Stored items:
───

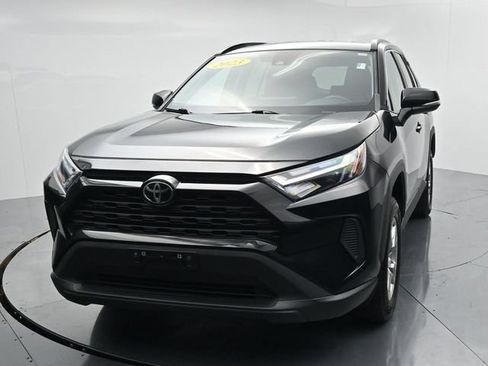 Used 2023 Toyota RAV4 XLE AWD/4WD image 3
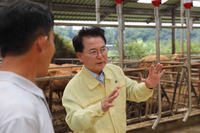 육동한 춘천시장, 폭염대응 축산농가 현장 방문
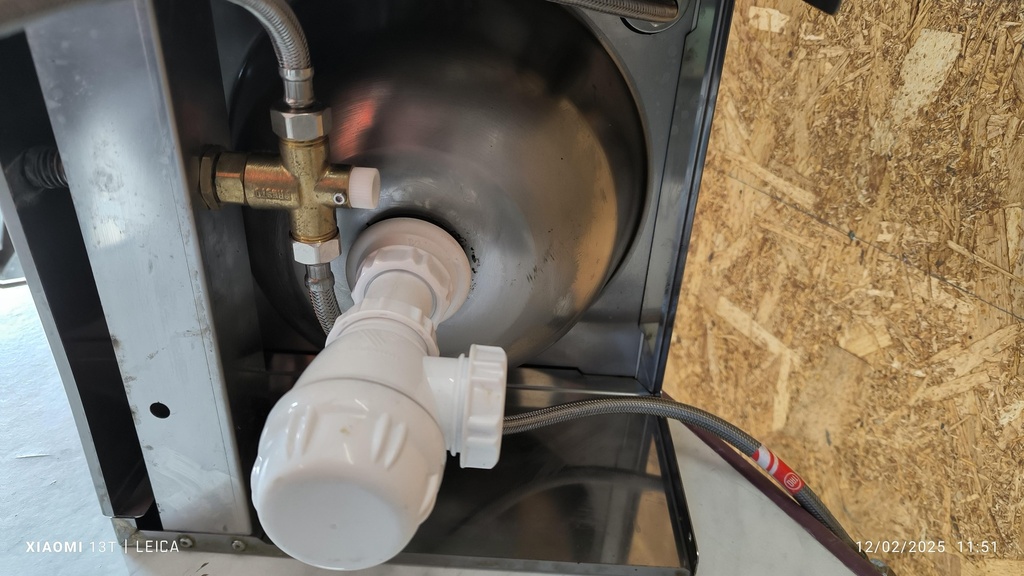 Lave mains commande "fémorale"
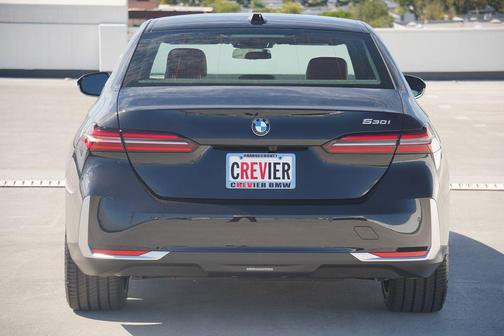 2026 BMW 530 i
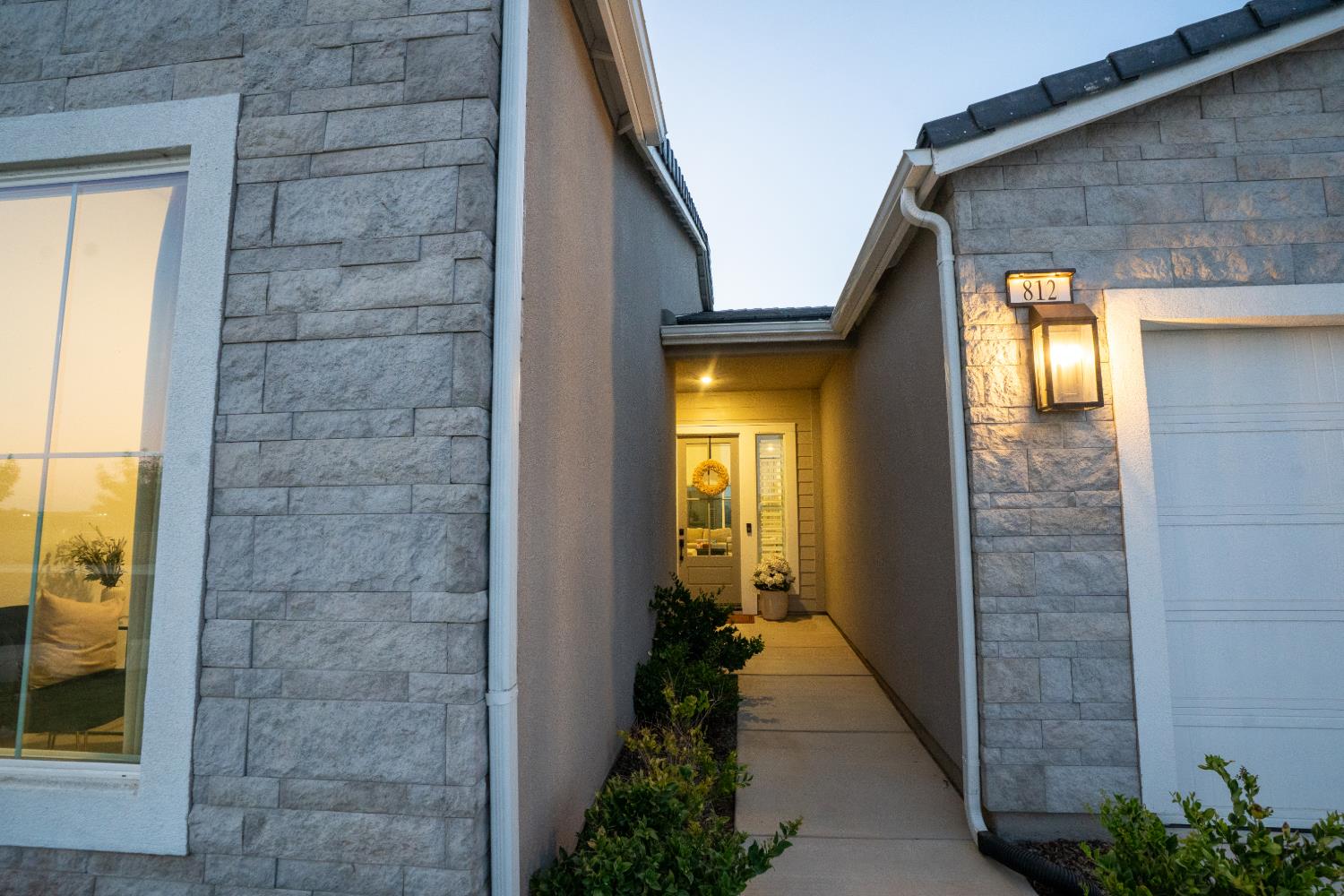 812 Traverse Dr S, Madera, CA 93636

───

WHAT TO WORK ON: For this task, give again exactly the lines from the line with "육동한 춘천시장, 폭염대응 축산농가 현장 방문" through the end of the entries, including both ends, and omit the pictures.

OUTPUT BELOW:
 육동한 춘천시장, 폭염대응 축산농가 현장 방문
 Lave mains commande "fémorale"
 2026 BMW 530 i
 812 Traverse Dr S, Madera, CA 93636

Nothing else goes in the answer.